One of the most striking aspects of the Hebrew Melodies is the care that Byron took in adapting Jewish themes. Though he could easily have turned the project into a sentimental or Orientalist pastiche, he approached the material with a seriousness and sympathy rare in Christian writers of the time. Poems like The Destruction of Sennacherib, By the Rivers of Babylon, and The Wild Gazelle are infused with biblical allusion, exile motifs, and a tone of spiritual defiance that reflects not only Jewish suffering, but also Byron’s own self-image as a marginalized and misunderstood prophet. The choice of images and themes in these poems reveals his deep reading of the Hebrew Bible and his affinity for Jewish resistance to tyranny.

Nowhere is this sympathy more beautifully rendered than in She Walks in Beauty, the most famous of the Hebrew Melodies:

She walks in beauty, like the night
of cloudless climes and starry skies;
and all that’s best of dark and bright
meet in her aspect and her eyes;
Thus mellowed to that tender light
which heaven to gaudy day denies.

One shade the more, one ray the less,
had half impaired the nameless grace
which waves in every raven tress,
or softly lightens o’er her face;
Where thoughts serenely sweet express,
how pure, how dear their dwelling-place!…

While often read today as a romantic lyric, it was composed to be sung to a Sephardic tune formerly used for Lecha Dodi, the mystical hymn welcoming Shabbat. The overlay of a modern English love poem onto an ancient Hebrew liturgical melody exemplifies the Romantic longing for fusion between the sacred and the sensual, the historical and the contemporary, and Byron’s lyrics, in their simplicity and grace, convey a spiritualized beauty reminiscent of the Sabbath Queen, the kabbalistic feminine embodiment of holiness that Lecha Dodi celebrates. That Byron was willing to collaborate on a song rooted in Jewish mystical tradition further suggests that he saw Judaism not as a fossilized faith but as a living source of poetic inspiration.

Nathan himself emphasized the religious authenticity of the music, claiming the melodies were sung by “David and the prophets” and, while modern scholars have debunked such claims as largely romantic fabrications, as discussed above, the perception ultimately mattered more than the provenance. For Byron and his contemporaries, the Jewish tradition represented both antiquity and endurance, an emblem of sublime suffering and unwavering faith and, in this sense, his Romanticism was deeply compatible with Jewish historical memory: both exalted passion, exile, and longing for redemption.

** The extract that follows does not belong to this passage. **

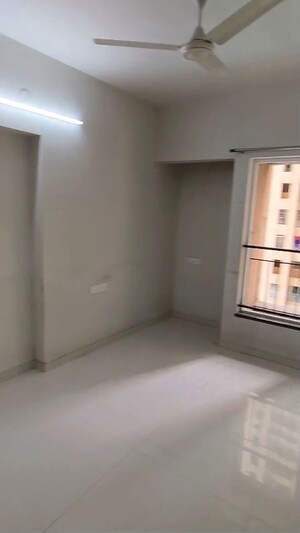 Room in 2 BHK Apartment at Rustomjee Urbania Azziano, Thane West – for Sale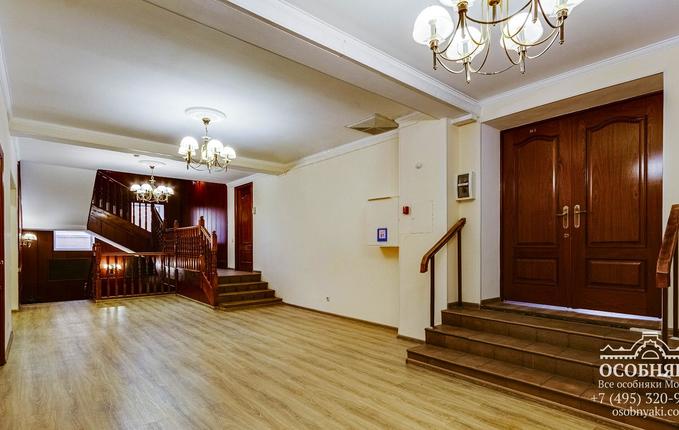 в Серебряническом переулке, 3, площадь 1000 м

The success of Hebrew Melodies gave Nathan fame and notoriety, and his professional triumph was notable in an era when Jews still faced legal disabilities and social exclusion in Britain. (While civil emancipation for Jews would not arrive until the middle of the century, the reign of George III saw a limited easing of anti-Jewish prejudice among the educated classes). He obtained royal appointments as music master to Princess Charlotte and musical librarian to the Prince Regent (later King George IV), and his edition of the Hebrew Melodies was dedicated to the Princess by royal permission. One of his many students was the young Robert Browning, who years later would praise his former teacher for employing “certain traditional Jewish methods of developing the voice.”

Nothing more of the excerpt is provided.